##### Supplied records #####

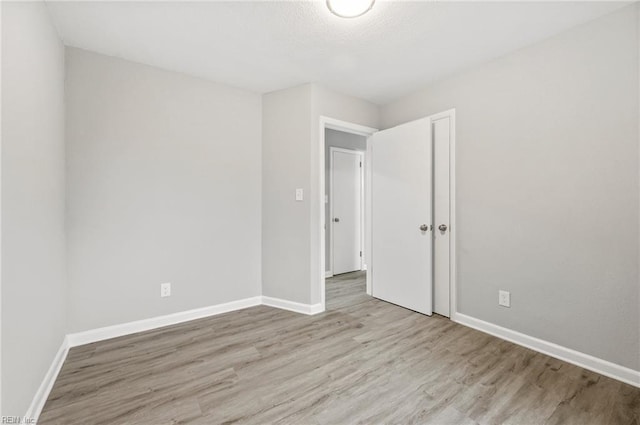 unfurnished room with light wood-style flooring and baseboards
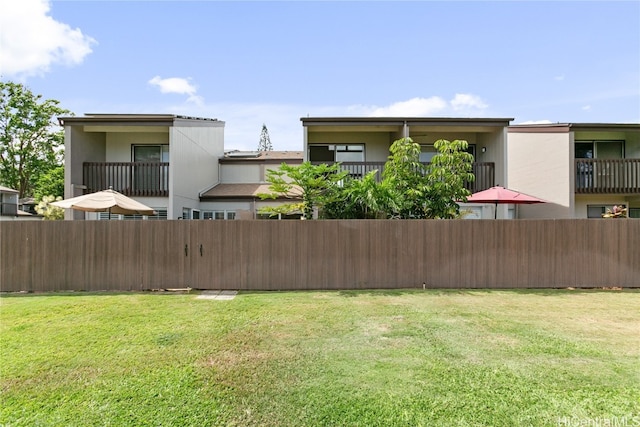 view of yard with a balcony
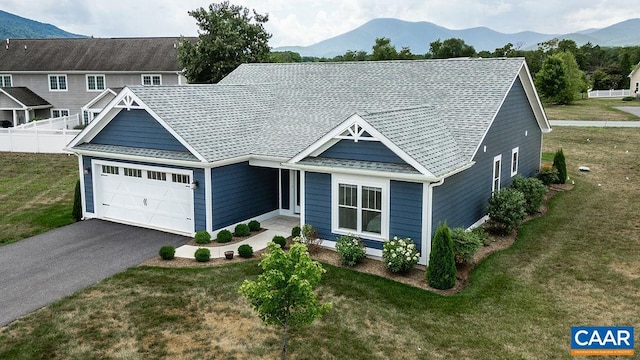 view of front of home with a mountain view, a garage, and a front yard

#####
##### Supplied records #####

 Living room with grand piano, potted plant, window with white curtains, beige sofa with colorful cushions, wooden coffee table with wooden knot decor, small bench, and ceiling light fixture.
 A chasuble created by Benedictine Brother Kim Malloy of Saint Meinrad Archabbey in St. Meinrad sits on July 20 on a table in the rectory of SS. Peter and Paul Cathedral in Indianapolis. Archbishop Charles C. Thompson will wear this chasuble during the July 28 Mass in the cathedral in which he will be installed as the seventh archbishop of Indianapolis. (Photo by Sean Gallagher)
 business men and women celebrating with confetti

#####
##### Supplied records #####

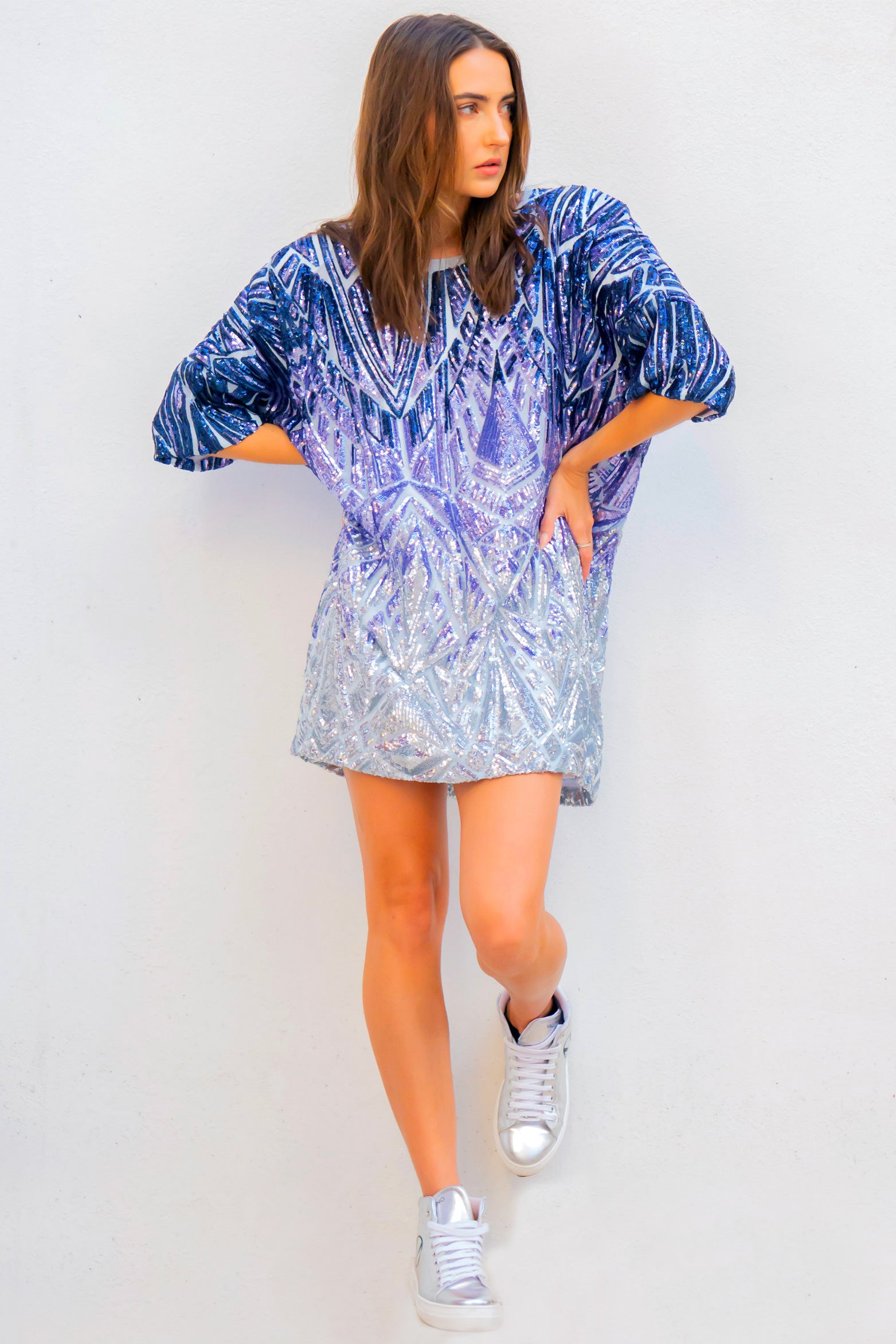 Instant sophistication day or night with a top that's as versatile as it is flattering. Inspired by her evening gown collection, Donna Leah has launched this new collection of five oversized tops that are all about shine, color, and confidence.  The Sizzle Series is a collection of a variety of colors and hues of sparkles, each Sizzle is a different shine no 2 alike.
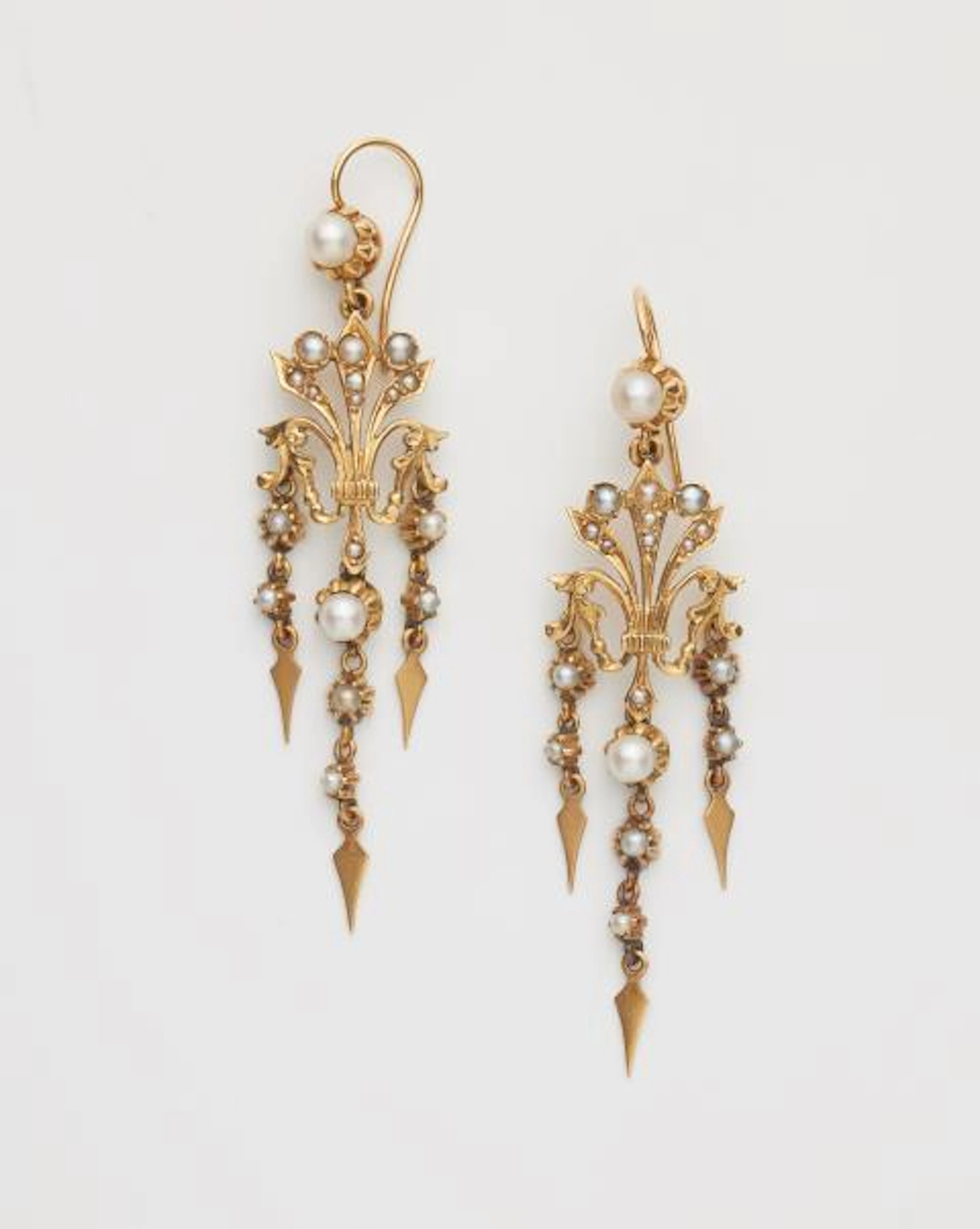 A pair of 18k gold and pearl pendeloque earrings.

#####

What you need to do |
Set down exactly the lines above, from the line containing "unfurnished room with" through the line containing "view of front". Skip the pictures.

Solution below |
 unfurnished room with light wood-style flooring and baseboards
 view of yard with a balcony
 view of front of home with a mountain view, a garage, and a front yard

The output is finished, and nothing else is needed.